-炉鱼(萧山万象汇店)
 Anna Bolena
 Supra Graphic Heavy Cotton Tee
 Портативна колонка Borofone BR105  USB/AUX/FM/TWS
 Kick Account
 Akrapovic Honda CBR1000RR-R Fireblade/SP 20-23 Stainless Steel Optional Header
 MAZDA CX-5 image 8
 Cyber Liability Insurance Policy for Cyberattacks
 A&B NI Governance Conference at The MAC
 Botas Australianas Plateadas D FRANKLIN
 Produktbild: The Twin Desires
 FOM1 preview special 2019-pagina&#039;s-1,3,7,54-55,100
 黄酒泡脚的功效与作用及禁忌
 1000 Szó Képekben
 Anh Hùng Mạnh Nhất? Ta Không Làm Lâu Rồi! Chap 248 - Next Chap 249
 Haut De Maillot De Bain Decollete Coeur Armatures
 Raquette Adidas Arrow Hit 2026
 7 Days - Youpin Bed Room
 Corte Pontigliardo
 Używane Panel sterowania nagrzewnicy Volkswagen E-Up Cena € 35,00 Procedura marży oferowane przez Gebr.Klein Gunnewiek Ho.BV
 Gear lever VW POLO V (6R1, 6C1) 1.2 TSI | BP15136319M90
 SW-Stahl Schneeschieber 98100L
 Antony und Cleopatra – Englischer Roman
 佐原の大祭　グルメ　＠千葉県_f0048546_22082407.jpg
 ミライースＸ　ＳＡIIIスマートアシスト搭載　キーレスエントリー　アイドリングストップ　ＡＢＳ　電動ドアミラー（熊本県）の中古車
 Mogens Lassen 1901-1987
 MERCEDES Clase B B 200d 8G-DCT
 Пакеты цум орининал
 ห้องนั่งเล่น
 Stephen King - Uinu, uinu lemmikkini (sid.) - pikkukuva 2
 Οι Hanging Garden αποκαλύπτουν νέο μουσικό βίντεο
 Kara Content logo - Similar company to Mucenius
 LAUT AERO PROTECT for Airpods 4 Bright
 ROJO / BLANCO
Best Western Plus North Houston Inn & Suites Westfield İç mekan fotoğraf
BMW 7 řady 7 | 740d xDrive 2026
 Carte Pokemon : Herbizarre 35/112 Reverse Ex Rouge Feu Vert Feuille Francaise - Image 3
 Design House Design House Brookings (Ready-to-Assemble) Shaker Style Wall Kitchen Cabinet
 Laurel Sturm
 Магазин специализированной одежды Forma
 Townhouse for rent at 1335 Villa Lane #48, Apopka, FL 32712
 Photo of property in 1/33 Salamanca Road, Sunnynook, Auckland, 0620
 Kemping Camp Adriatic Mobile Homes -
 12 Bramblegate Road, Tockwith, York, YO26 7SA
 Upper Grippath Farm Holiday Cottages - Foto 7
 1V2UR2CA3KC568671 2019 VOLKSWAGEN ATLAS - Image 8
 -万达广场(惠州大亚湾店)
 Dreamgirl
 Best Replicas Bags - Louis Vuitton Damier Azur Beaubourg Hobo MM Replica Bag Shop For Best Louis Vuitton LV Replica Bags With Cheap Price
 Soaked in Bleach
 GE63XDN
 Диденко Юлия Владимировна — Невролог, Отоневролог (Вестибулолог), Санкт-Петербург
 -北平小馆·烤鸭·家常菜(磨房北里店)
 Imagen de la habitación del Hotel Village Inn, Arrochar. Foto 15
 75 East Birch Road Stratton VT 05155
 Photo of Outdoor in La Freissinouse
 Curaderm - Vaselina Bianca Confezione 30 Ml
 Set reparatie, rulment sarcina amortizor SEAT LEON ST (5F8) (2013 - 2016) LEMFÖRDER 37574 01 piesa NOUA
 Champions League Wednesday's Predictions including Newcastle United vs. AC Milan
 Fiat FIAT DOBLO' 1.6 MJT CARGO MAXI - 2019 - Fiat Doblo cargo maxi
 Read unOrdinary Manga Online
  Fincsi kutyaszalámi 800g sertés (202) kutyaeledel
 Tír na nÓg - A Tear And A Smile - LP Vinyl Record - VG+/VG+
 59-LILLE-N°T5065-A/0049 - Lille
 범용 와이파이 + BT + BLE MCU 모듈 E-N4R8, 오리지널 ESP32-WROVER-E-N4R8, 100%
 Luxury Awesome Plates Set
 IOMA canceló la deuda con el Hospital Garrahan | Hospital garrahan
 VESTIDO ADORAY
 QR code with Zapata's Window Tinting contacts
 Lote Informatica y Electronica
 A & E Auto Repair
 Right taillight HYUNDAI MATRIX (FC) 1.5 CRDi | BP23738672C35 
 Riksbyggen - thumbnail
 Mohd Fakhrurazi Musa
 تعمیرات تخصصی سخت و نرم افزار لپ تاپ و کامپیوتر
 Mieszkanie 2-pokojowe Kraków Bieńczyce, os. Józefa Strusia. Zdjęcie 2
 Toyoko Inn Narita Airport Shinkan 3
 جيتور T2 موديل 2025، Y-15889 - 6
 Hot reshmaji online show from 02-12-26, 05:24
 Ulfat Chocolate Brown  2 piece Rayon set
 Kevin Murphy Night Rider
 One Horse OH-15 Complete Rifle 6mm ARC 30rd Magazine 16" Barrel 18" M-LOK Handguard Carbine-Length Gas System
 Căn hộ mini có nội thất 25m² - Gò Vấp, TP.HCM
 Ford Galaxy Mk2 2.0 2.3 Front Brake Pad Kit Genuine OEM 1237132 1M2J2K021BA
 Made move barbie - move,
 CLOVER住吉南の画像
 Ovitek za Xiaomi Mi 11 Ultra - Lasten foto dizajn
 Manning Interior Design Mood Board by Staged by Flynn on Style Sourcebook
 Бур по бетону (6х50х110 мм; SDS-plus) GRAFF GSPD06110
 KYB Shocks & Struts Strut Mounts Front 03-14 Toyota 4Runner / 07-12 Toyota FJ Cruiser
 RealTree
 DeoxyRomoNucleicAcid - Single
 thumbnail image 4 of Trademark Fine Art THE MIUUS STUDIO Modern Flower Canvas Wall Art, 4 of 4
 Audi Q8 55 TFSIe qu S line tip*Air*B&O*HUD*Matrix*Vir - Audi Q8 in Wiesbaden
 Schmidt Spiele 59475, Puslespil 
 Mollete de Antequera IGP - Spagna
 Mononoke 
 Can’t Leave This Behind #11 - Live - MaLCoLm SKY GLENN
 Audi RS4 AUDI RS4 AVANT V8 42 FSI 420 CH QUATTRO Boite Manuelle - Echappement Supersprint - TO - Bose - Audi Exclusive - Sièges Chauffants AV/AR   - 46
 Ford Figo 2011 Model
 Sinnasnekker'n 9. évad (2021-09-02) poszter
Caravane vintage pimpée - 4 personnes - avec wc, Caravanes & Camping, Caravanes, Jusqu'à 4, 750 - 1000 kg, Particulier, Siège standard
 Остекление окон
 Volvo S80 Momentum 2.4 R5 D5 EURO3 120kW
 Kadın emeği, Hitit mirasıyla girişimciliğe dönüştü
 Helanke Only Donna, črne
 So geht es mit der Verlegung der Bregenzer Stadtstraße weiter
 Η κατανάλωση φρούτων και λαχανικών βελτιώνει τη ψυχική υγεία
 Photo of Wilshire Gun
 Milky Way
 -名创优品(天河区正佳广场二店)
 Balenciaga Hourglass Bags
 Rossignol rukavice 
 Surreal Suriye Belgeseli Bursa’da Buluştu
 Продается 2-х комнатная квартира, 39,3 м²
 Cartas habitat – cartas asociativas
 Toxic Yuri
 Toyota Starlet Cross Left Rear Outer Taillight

(EXERCISE AIM) Across the listing above, find all lines where the word "Bags" is present and copy them.

(SOLUTION BELOW)
 Best Replicas Bags - Louis Vuitton Damier Azur Beaubourg Hobo MM Replica Bag Shop For Best Louis Vuitton LV Replica Bags With Cheap Price
 Balenciaga Hourglass Bags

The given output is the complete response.